Todas las versiones de este artículo: [Español]

Martínez López, M., & García, A. (2014). Ocupar las plazas, liberar los edificios [Occupy the squares, liberate the buildings]. An International E-Journal for Critical Geographies. Available at http://www.miguelangelmartinez.net/...


Primer borrador de un artículo en el que exploramos las relaciones de acumulación y de coalición entre el movimiento 15M y el movimiento de okupaciones.

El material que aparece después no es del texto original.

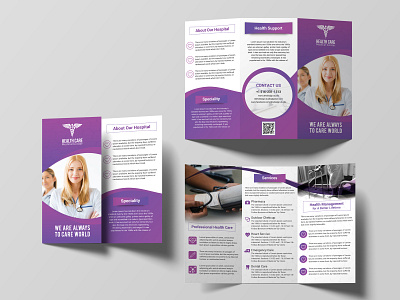 Medical Trifold Brochure a4 awesome branding brochure business corporate exclusive health care hospital medical modern pink purple simple template trifold unique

Introducción El 5 de diciembre de 2011 fueron desalojados dos edificios okupados en Madrid: el Hotel Madrid y el Mercado Montamarta. En el primer caso, el más céntrico y emblemático, intervinieron 200 policías en la operación, más de un centenar de residentes fueron obligadas a abandonar el edificio y 30 personas fueron detenidas. Ese mismo día la Puerta del Sol de Madrid volvió a llenarse de miles de manifestantes protestando contra esos desalojos y en pocas horas se okuparon tres nuevos edificios. No serían una de las principales noticias de todos los medios de comunicación de masas si esas acciones no estuvieran vinculadas al movimiento 15M (15 de Mayo). Durante los últimos siete meses este movimiento social ha irrumpido en la política contenciosa española con un repertorio de protesta original y con una evolución sinuosa e impredecible. Inicialmente accedió al debate público gracias a las acampadas en las plazas centrales de decenas de ciudades. Mientras el movimiento de ocupación de plazas continuó extendiéndose a otros países, sobre todo a partir de la movilización internacional convocada el 15 de octubre de 2011, activistas del 15M en varias ciudades comenzaron a okupar edificios. Esta oleada de nuevas okupaciones es inédita en cuanto a sus discursos, su visibilidad y su apoyo social, por lo que suscita varios interrogantes: ¿por qué la okupación de edificios ha llegado a incorporarse en el repertorio de acción del movimiento 15M? ¿qué diferencias y semejanzas se aprecian entre las okupaciones vinculadas al movimiento 15M y el movimiento de okupaciones preexistente? ¿qué consecuencias tiene la convergencia entre ambos movimientos?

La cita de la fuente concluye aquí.